Da questo punto di vista vengono individuate due intelligenze artificiali: l’IA forte che si pone l’obiettivo di riprodurre esattamente l’intelligenza umana, capace quindi di stati cognitivi e di pensiero nell’esecuzione dei compiti tramite la logica matematica, di pianificare tramite algoritmi, di apprendere sulla base delle esperienze registrate (sistemi esperti) e l’IA debole che si propone di realizzare sistemi artificiali in grado di svolgere compiti simulando aspetti dei processi cognitivi umani, incapace di riprodurre autonomamente questi processi, ovvero di pensare. L’intelligenza artificiale forte sarebbe in grado di svolgere ragionamenti tipici dell’intelletto umano, pretesa che le conoscenze attuali sembrano negare. L’intelligenza artificiale debole con particolari algoritmi attua funzioni complesse, tipicamente in ambiti settoriali, di supporto ai compiti umani senza sostituirne il ruolo decisionale.

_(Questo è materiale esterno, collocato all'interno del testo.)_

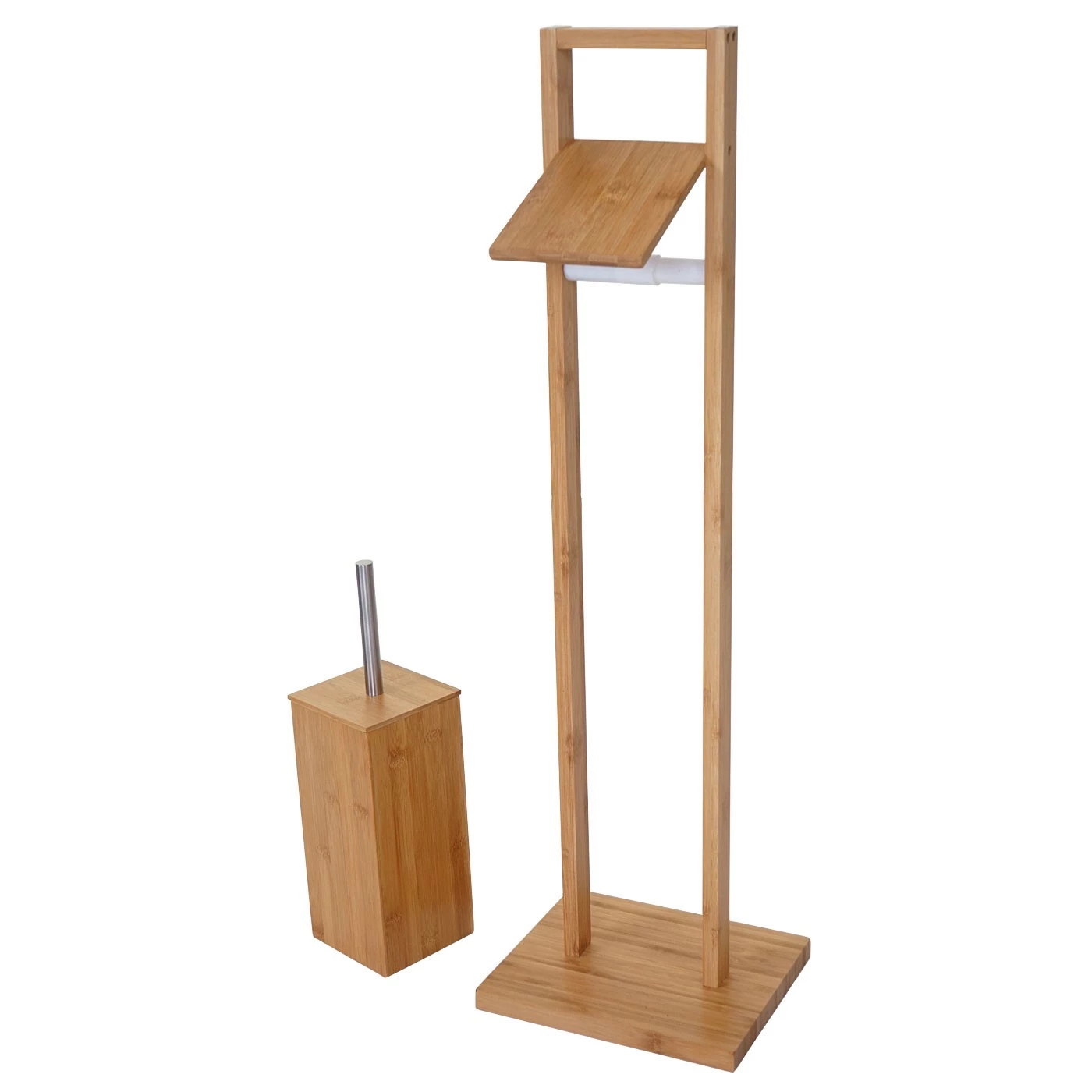 WC-Papierhalter HWC-B18 - Standard 4 WC-Papierhalter HWC-B18 - Standard – Bild 2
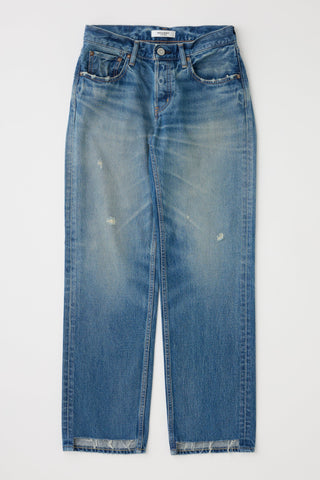 Bethpage Straight-Low Jeans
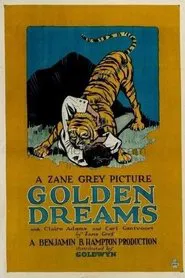 Golden Dreams movie poster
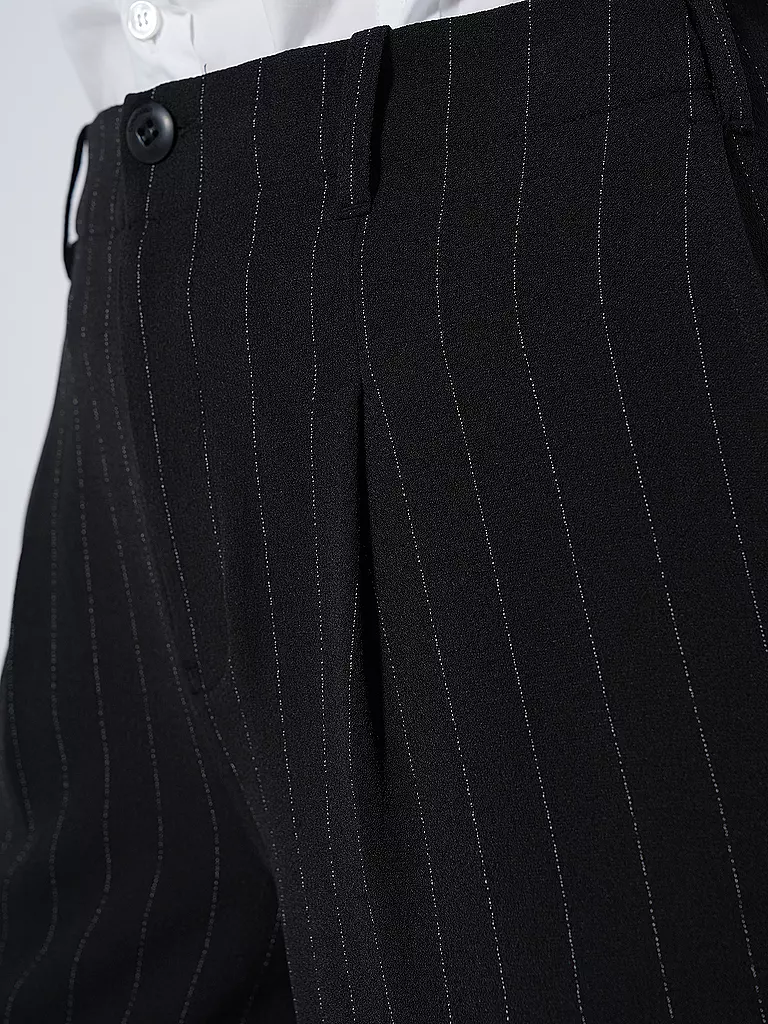 CALVIN KLEIN JEANS | Pantaloni business | Nero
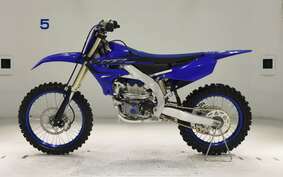 YAMAHA YZ250F CG40C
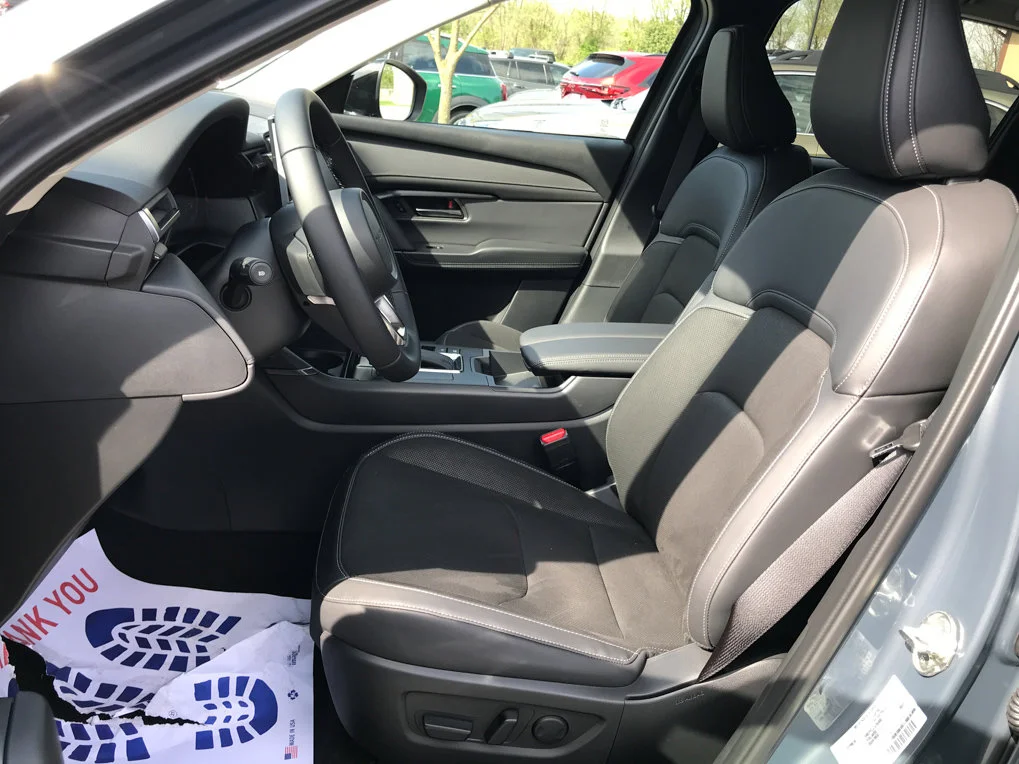 New 2026 Mazda CX-5 2.5 S Preferred
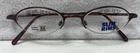 Hudson Optical Slim Rims SR-10 Z87-2 Tortoise Eyeglass Frames Only 47 18 145 Pre-owned. Price: $29.99.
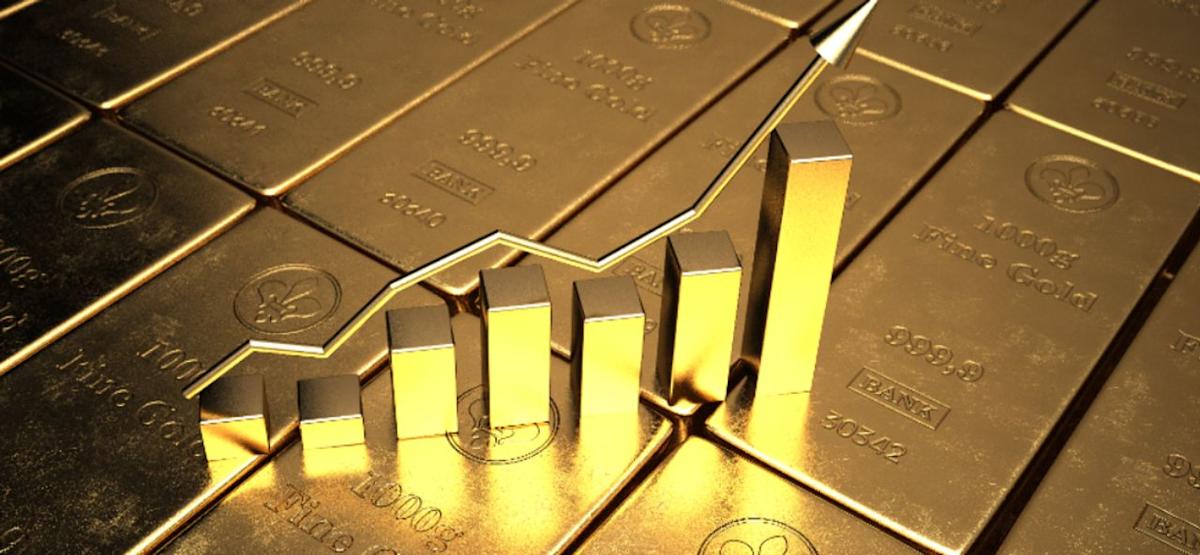 Precious metals miners well bid as Iran strikes stock safe haven gold demand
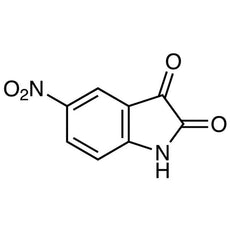 5-Nitroisatin, 25G - N0572-25G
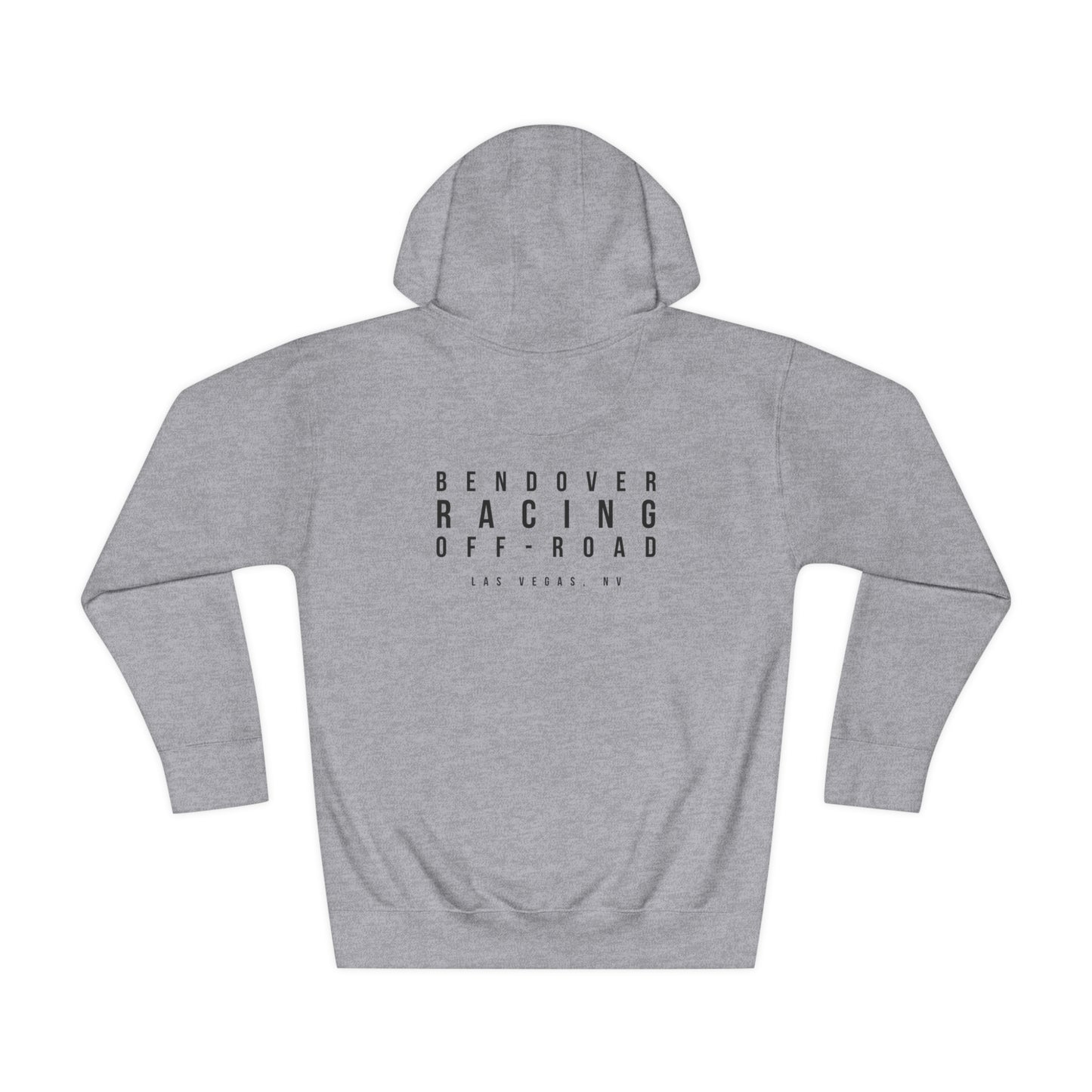 BENDOVER Hoodie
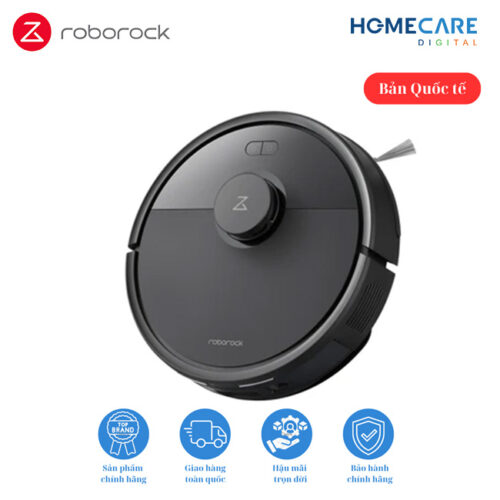 Roborock Q7 Pro Max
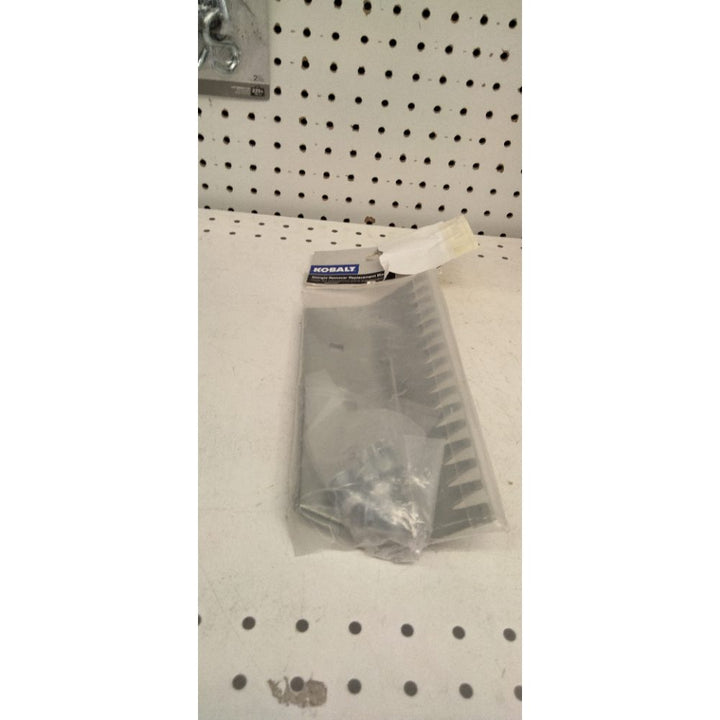 Kobalt Replacement Blade Shingle Remover 9 in. 4141444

Il risultato è comunque importante: è possibile operare su una gran mole di dati e in tempi molto rapidi.

Sulle dimensioni dell’impatto dell’intelligenza artificiale sui sistemi sociali è aperto il dibattito, poiché l’intelligenza artificiale, in gran parte proprietà delle lobby economiche e militari, ancorché debole può presentare un rischio per la libertà e la democrazia.